[[ Source data, beginning ]]

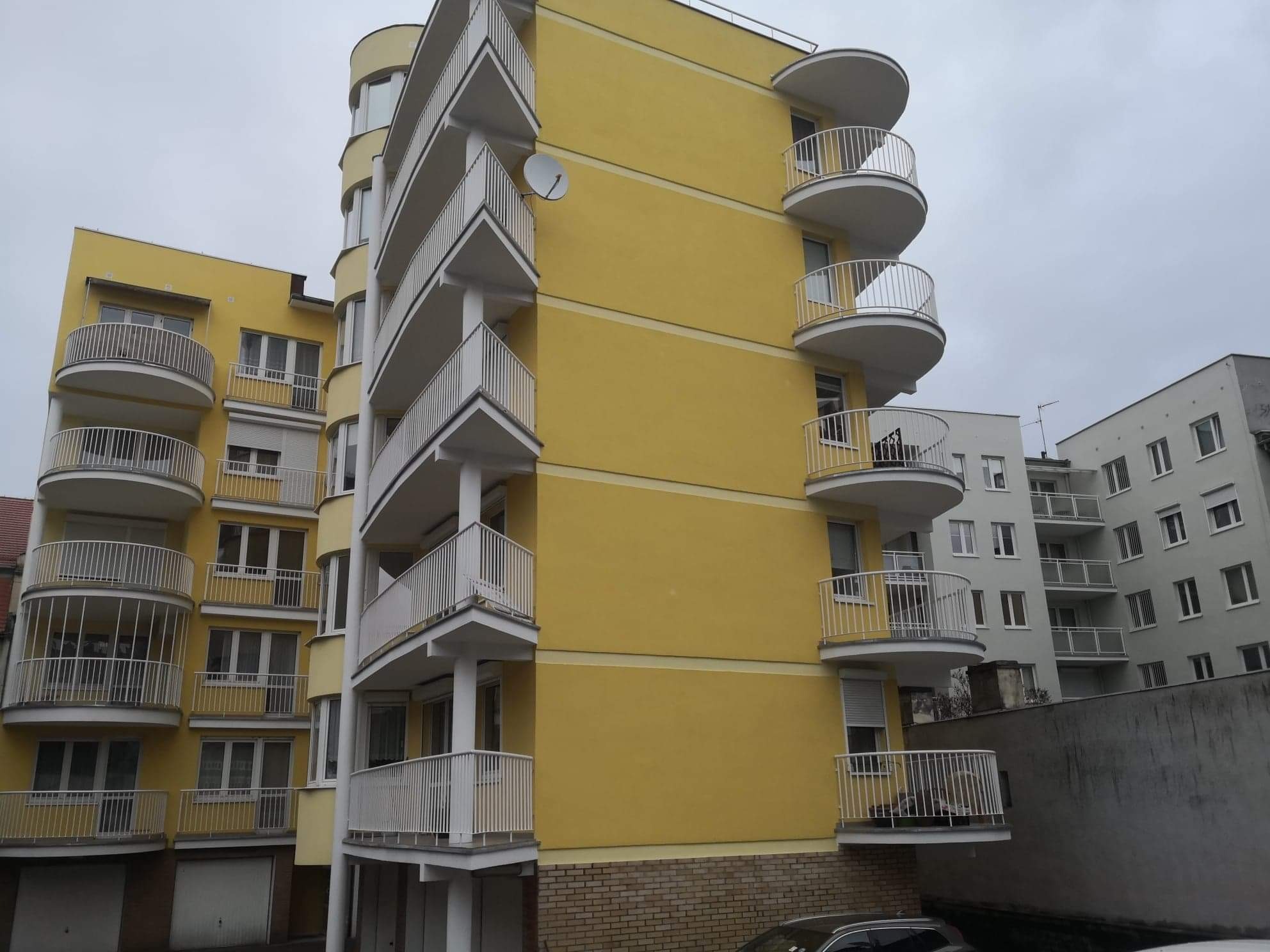 Żółty budynek mieszkalny z białymi, okrągłymi balkonami i anteną satelitarną na elewacji, widok z dołu w pochmurny dzień.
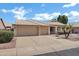 Charming single-Gathering home with a three-car garage, well-maintained landscaping, and inviting curb appeal at 6368 W Firebird Dr, Glendale, AZ 85308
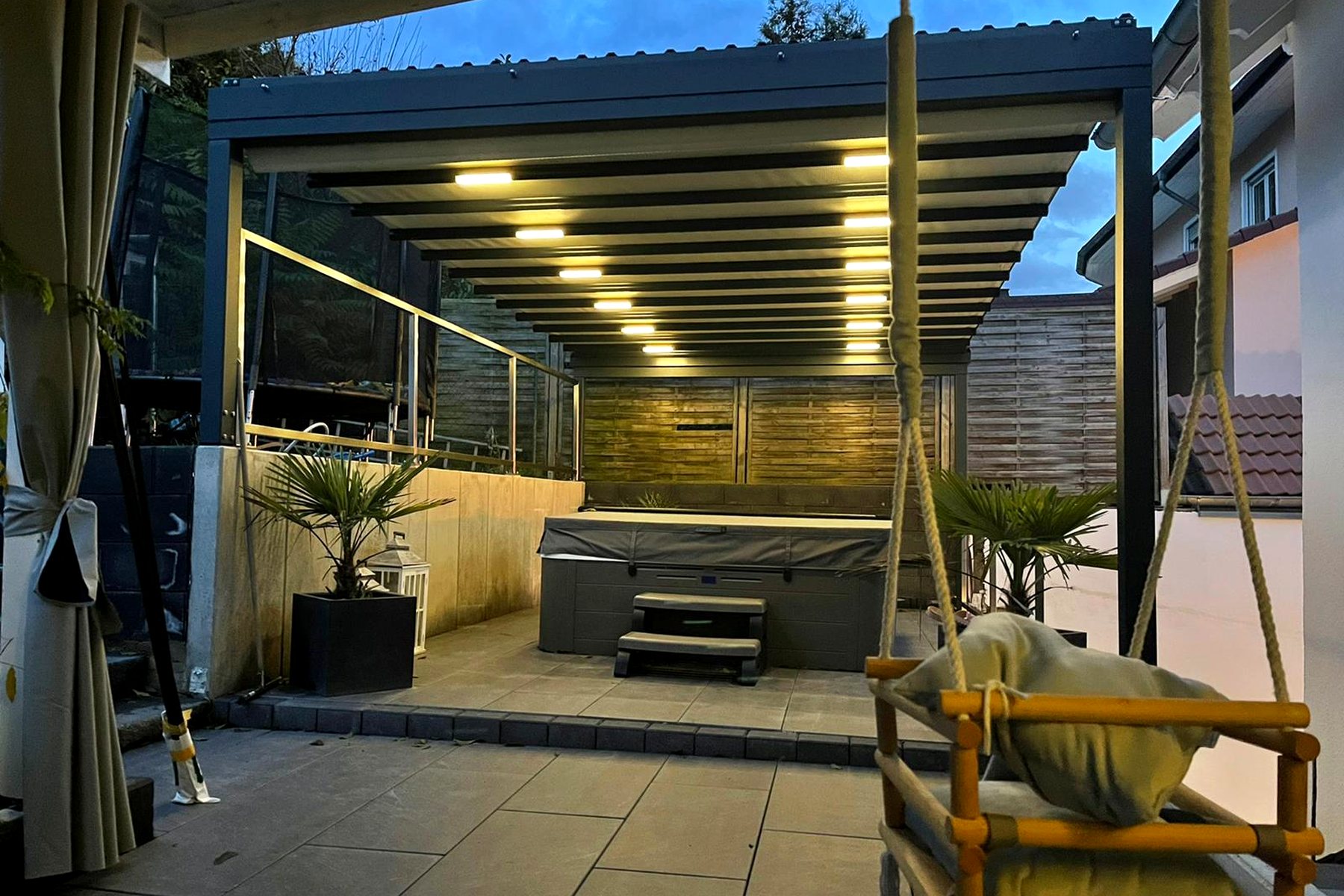Beleuchtete Pergola-Überdachung mit Lounge-Möbeln und warmem LED-Licht am Abend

[[ Source data, end ]]

### Problem to work on:
An exact copy of the listing is required, excluding any pictures.

### Solution to this problem:
 Żółty budynek mieszkalny z białymi, okrągłymi balkonami i anteną satelitarną na elewacji, widok z dołu w pochmurny dzień.
 Charming single-Gathering home with a three-car garage, well-maintained landscaping, and inviting curb appeal at 6368 W Firebird Dr, Glendale, AZ 85308
Beleuchtete Pergola-Überdachung mit Lounge-Möbeln und warmem LED-Licht am Abend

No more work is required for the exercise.